Prompt -> Repeat every record below exactly, but leave out any pictures.

Data supplied ->
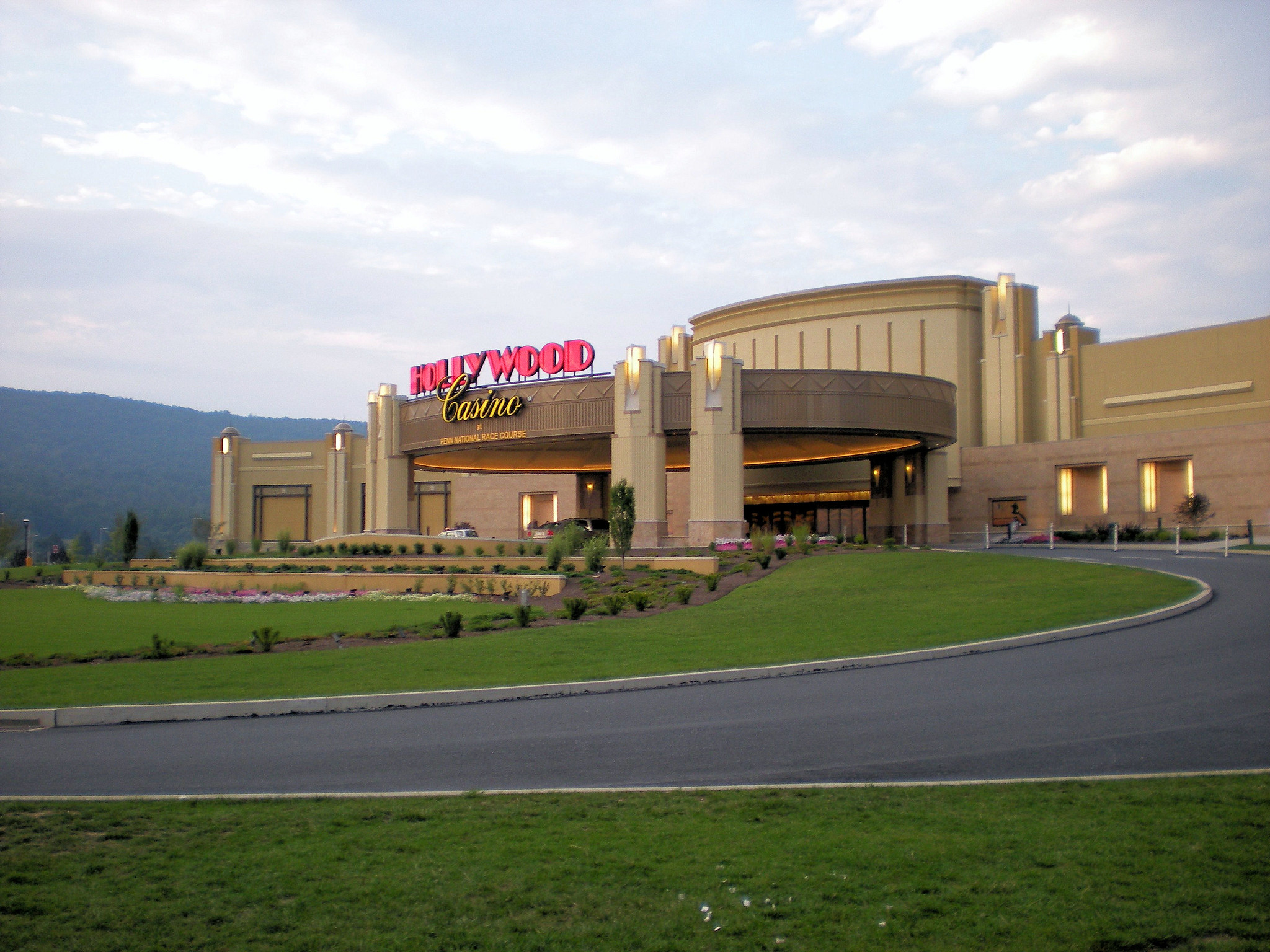 Hollywood Online Casino Continues Revenue Record Streak in Pennsylvania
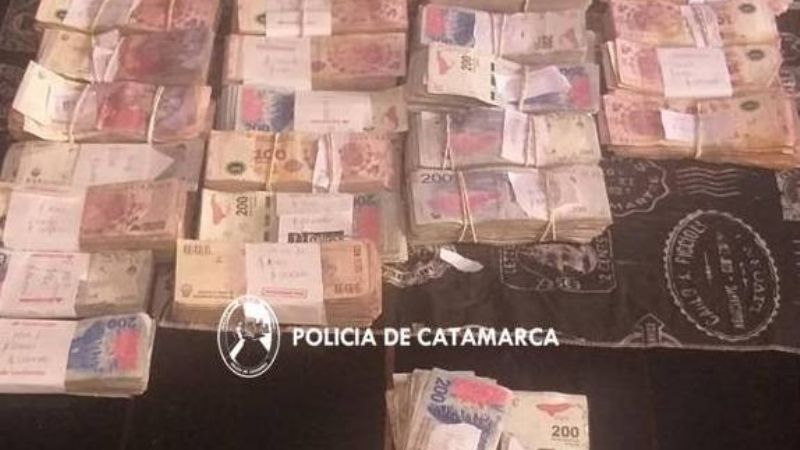 Quiso comprar una Hilux usada, y la estafaron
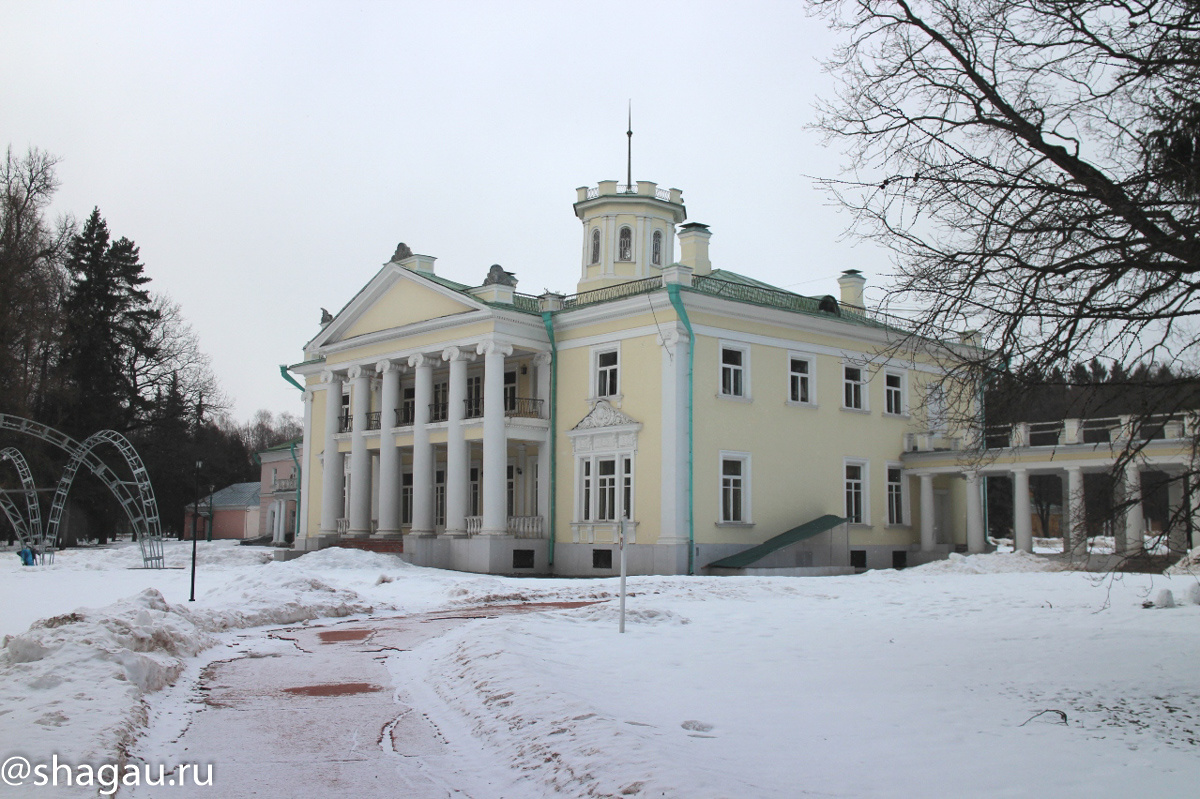 Главный дом усадьбы Валуево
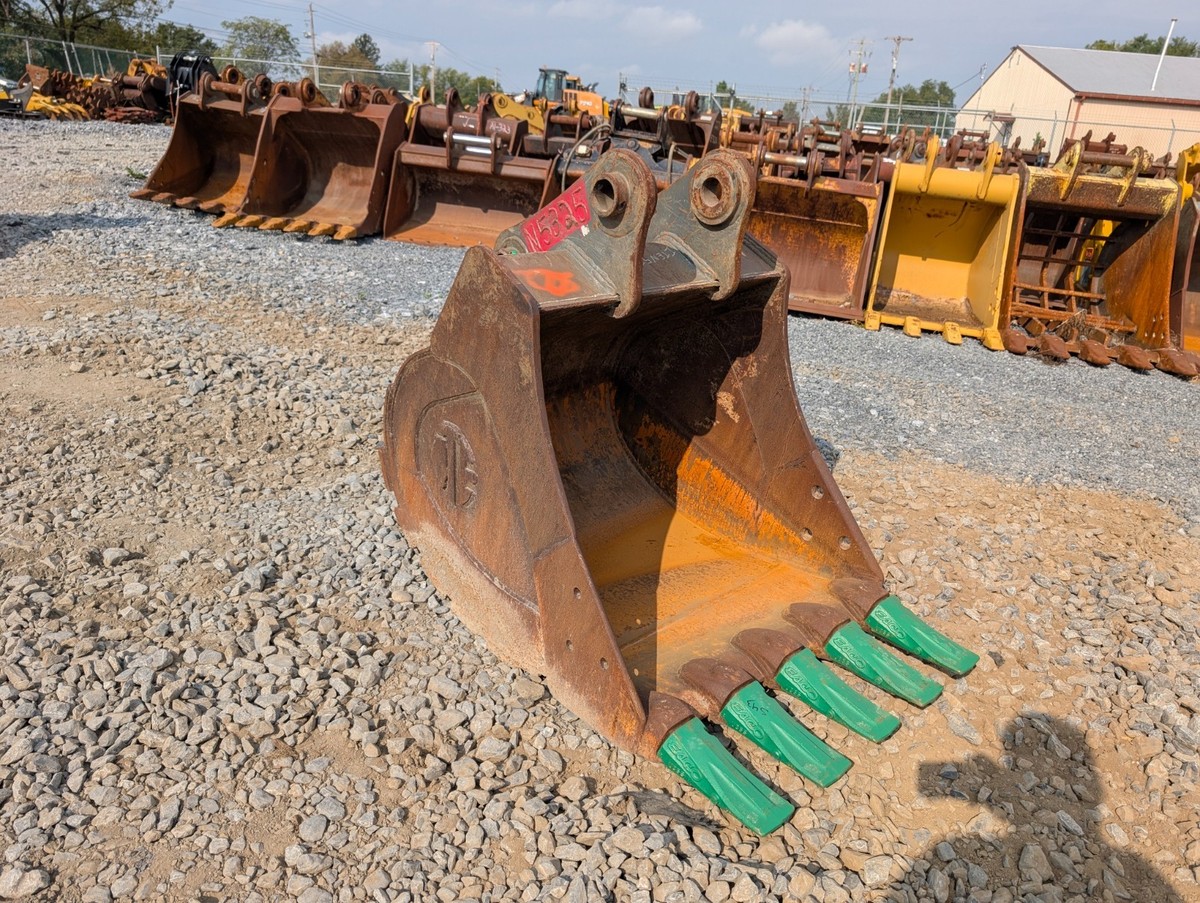 36 Tag Excavator Bucket, 3 Pins; Fits: Cat, Case, Deere, Hitachi, Kobelco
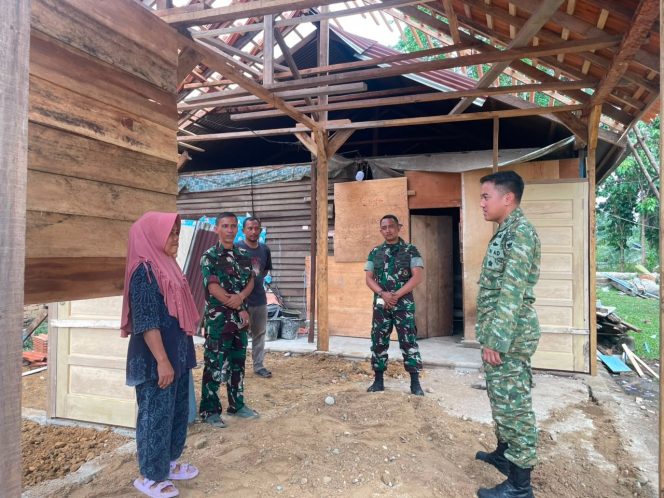 
 Rumahnya Disulap Menjadi Lebih Layak Huni, Ibu Maimunah ucapkan Terimakasih kepada TNI dan Program TMMD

Answer ->
 Hollywood Online Casino Continues Revenue Record Streak in Pennsylvania
 Quiso comprar una Hilux usada, y la estafaron
 Главный дом усадьбы Валуево
 36 Tag Excavator Bucket, 3 Pins; Fits: Cat, Case, Deere, Hitachi, Kobelco
 Rumahnya Disulap Menjadi Lebih Layak Huni, Ibu Maimunah ucapkan Terimakasih kepada TNI dan Program TMMD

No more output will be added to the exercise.